Thus, raising the inflation rate target might advance an
employment recovery but not improve the
end result. This
logically inessential but apparently realistic feature of the new
models challenged the Keynesian tenet, embodied in the famous
Phillips curve, that
monetary or fiscal stimulus could achieve a
lower unemployment rate by choosing a higher inflation rate.
Phelps spent much
of the ‘70s
replying to a further
development from other quarters: to theoretical demonstrations
that a departure from the current equilibrium path would be
merely momentary if every economic actor had
so-called rational
expectations. (When all the “news” arrives at
month’s end, prices and wages would jump
precisely to regain
equilibrium.) In frequently collaborative research at Columbia in
the 1970s he argued that
if most wage and price setting is
nonsynchronous, such a deviation would take time to die out even
if expectations
were rational. See, for example, a 1977 paper
with John Taylor. This work helped start what came to be known
as
New Keynesian macroeconomics. In the early 1980s Phelps argued
that if participants believe their preferred
model of sales,
employment and prices is not shared by all participants, the
deviation might be protracted. Various consequences of this
pluralism of beliefs, actual or feared, are analyzed in his paper
and other papers in the
conference volume he edited with Roman
Frydman, Individual Forecasting and Aggregate Outcomes
(Cambridge, 1983).
While
these views went on winning
support among macroeconomics
experts, the last two decades were testing
times. The ‘80s
witnessed a powerful slump in Europe with no evidence of
unexpected disinflation or deflation;
the latter half of the
‘90s brought a strong boom to the U.S. economy and northern
Europe without evidence of unexpected inflation—all contrary
to the simple models. In response, Phelps began in the late
‘80s to develop a
theory of the equilibrium path itself
– a theory of the determinants of the natural unemployment
rate. The models
built and their first statistical test were set
forth in Structural Slumps: The
Modern Equilibrium Theory of Unemployment, Interest and Assets
(Harvard, 1994).
Subsequent papers in this project include
‘Growth, wealth and the natural rate: is Europe’s jobs
crisis a growth crisis?’ ‘The
rise and downward trend of the natural
rate,’ ‘Natural
rate theory and OECD unemployment,’
and ‘Lessons in natural-rate dynamics.’
At the
level of historical
understanding, this theoretical
development served to underpin hypotheses linking the ‘80s
slump to a worldwide rise of real interest rates,
the sharp
transition to more moderate productivity growth in the European
economies, and the growth of the welfare state to huge
proportions, especially on the
European continent. At a more
general level, this work pointed to the crucial role for
employment determination played by the values (also known as
shadow prices) that firms place on the various sorts of business
assets with which they operate: the employee with the needed
firm-specific preparation, the customer, and nonhuman tangibles
such as industrial plant and office facilities. This feature of
the theory suggested that the prices of shares traded on
organized stock exchanges might be serviceable as observable
proxies for the mostly unobservable asset values, which opened up
new statistical tests of the theory. See 'Behind
this structural boom: the role
of asset valuations,' and 'Roots
of the recent recoveries: labor reforms or private-sector forces?’

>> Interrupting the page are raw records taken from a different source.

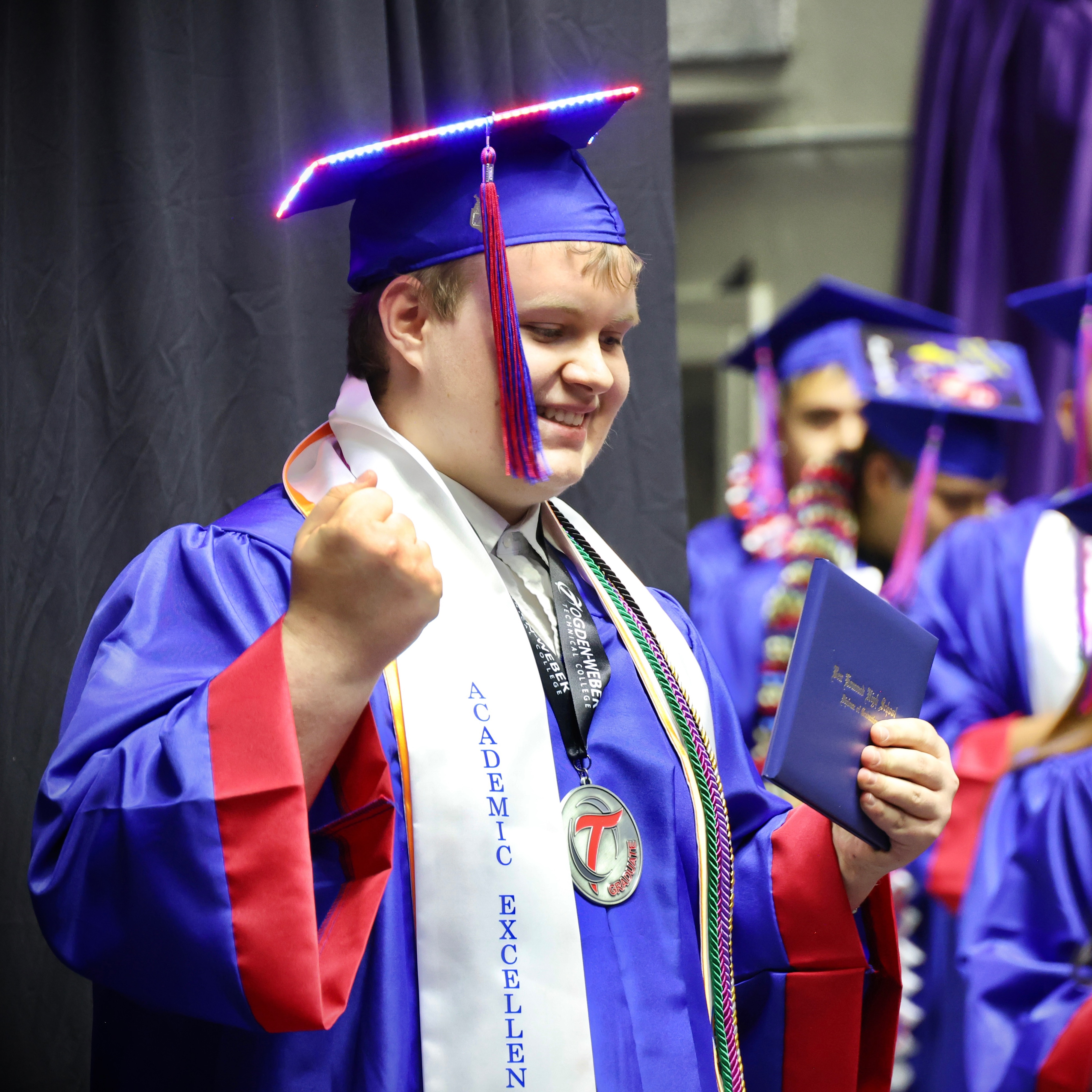 Graduate with college completion medallion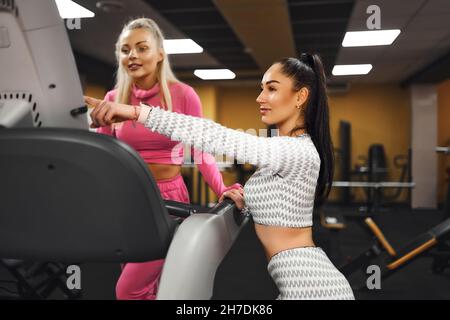 Addestratore personale femminile che aiuta il cliente della donna a usare il tapis roulant in palestra. Formazione personale. Vita sana Foto Stock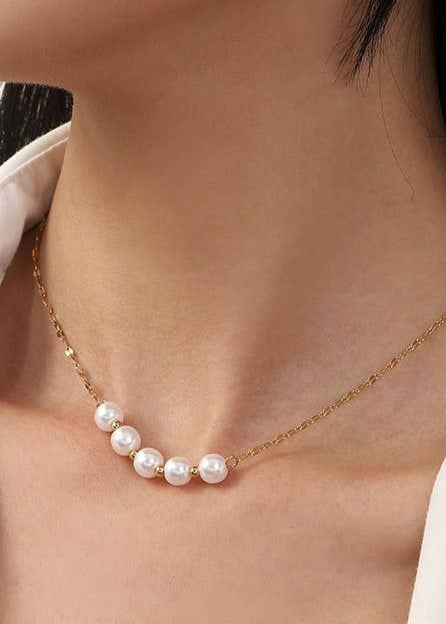 Titanium Tarnish-Free Modern 5-Pearl Gold Necklace with a durable gold chain and 5 delicate pearls.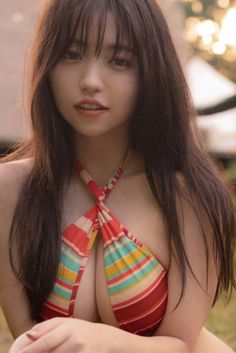 Woman with long hair wearing a striped bikini top outdoors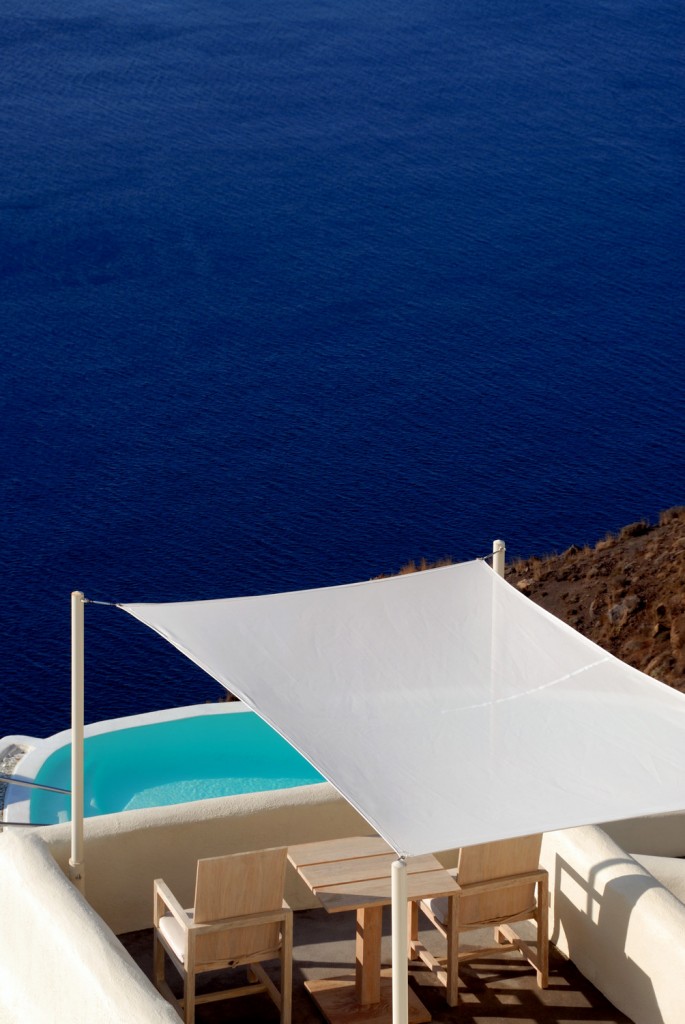 a white awning over a pool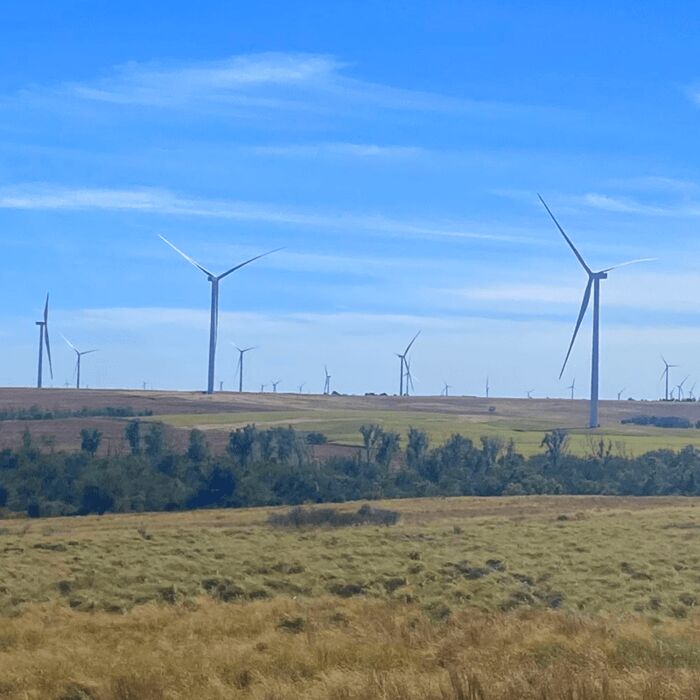 Wind farm windmills on a sunny day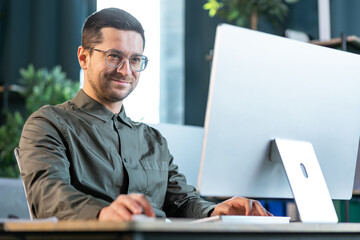 Smiling creative business man typing on desktop computer in office. Happy man wearing eyeglasses working on his computer at modern office space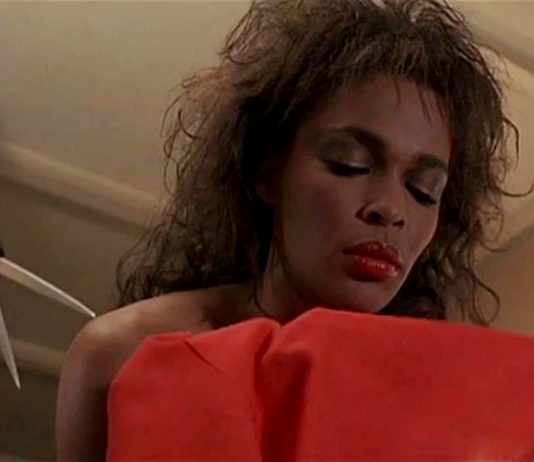 A woman is about to get killed with scissors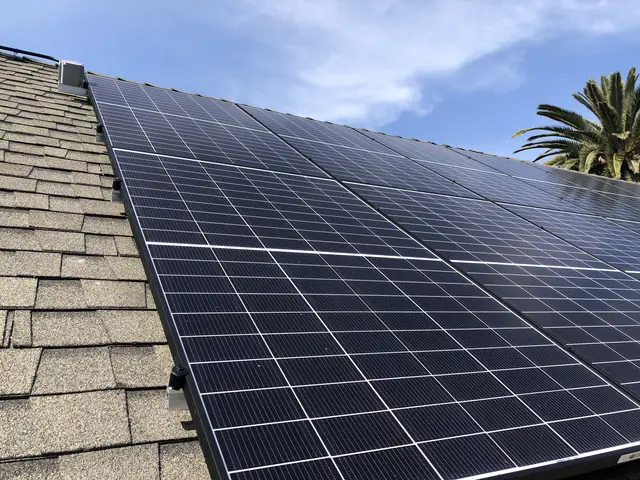 Solar panel mounting detail on a composition shingle roof in Long Beach, CA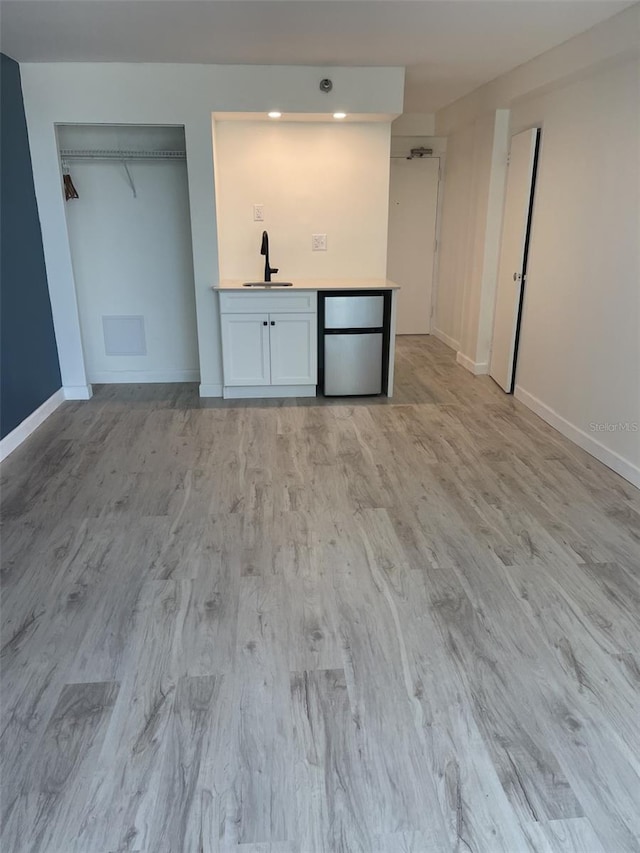 unfurnished bedroom with baseboards, a sink, light wood-style flooring, and fridge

This equilibrium theory of endogenous structural unemployment
turned out to supply an explanation of the inflationless booms in
the late ‘90s. In their thinking about the long wave of
business expansions in the late 19th century, the German School
under Spiethof and Cassel suggested that prospects of new
industries or new methods requiring further capital, and this
interpretation can be translated into an unexpected jump in the
values that firms, looking to the new opportunities, place on one
or more business assets. (An April 2000
Wall Street Journal essay provides an introduction to this
analysis.)
Phelps’s
interest in structural booms
alongside his
interest, dating from the early ‘90s, in the questions
raised by the professed desire of some eastern European
countries
to build predominantly capitalist economies have led to mounting
research on his part into the functioning and performance of
capitalist institutions. The
first step, following some years
surveying the interwar literature on theory, was to
confirm, in a 1996 paper (forthcoming) with Darius Palia, that
indeed countries
with more of the economy’s industry under
private ownership achieve faster productivity growth, other
things equal. The next step was to ask whether the economies that
boomed in the late ‘90s (the U.S., Sweden, Finland, Ireland,
and so forth) had the sort of instititions and resources that
entrepreneurs under capitalism require
to a greater extent than
the countries that did not boom (Italy, Germany, Austria, Spain
and so forth); the results here were published in a 2001 paper
with Gylfi
Zoega. (An August 1990 Financial
Times essay presents an elementary exposition.) Phelps and
Zoega are now embarking on a broader assessment of the effects
of
the institutions of capitalism, with special attention to
productivity level and job satisfaction.

Among his other books are Fiscal Neutrality toward Economic Growth (McGraw-Hill, 1965) and Golden Rules of Economic Growth (Norton, 1966), his selected papers in Studies in Macroeconomic Theory (Academic Press, 1980), the reader Economic Justice (Penguin, 1974), a conference volume Altruism, Morality and Economic Theory (Basic Books, 1975), his textbook Political Economy (Norton, 1985), the monograph with J.P. Fitoussi, The Slump in Europe (Blackwell, 1988), and his Arne Ryde lectures Seven Schools of Macroeconomic Thought (Oxford, 1990).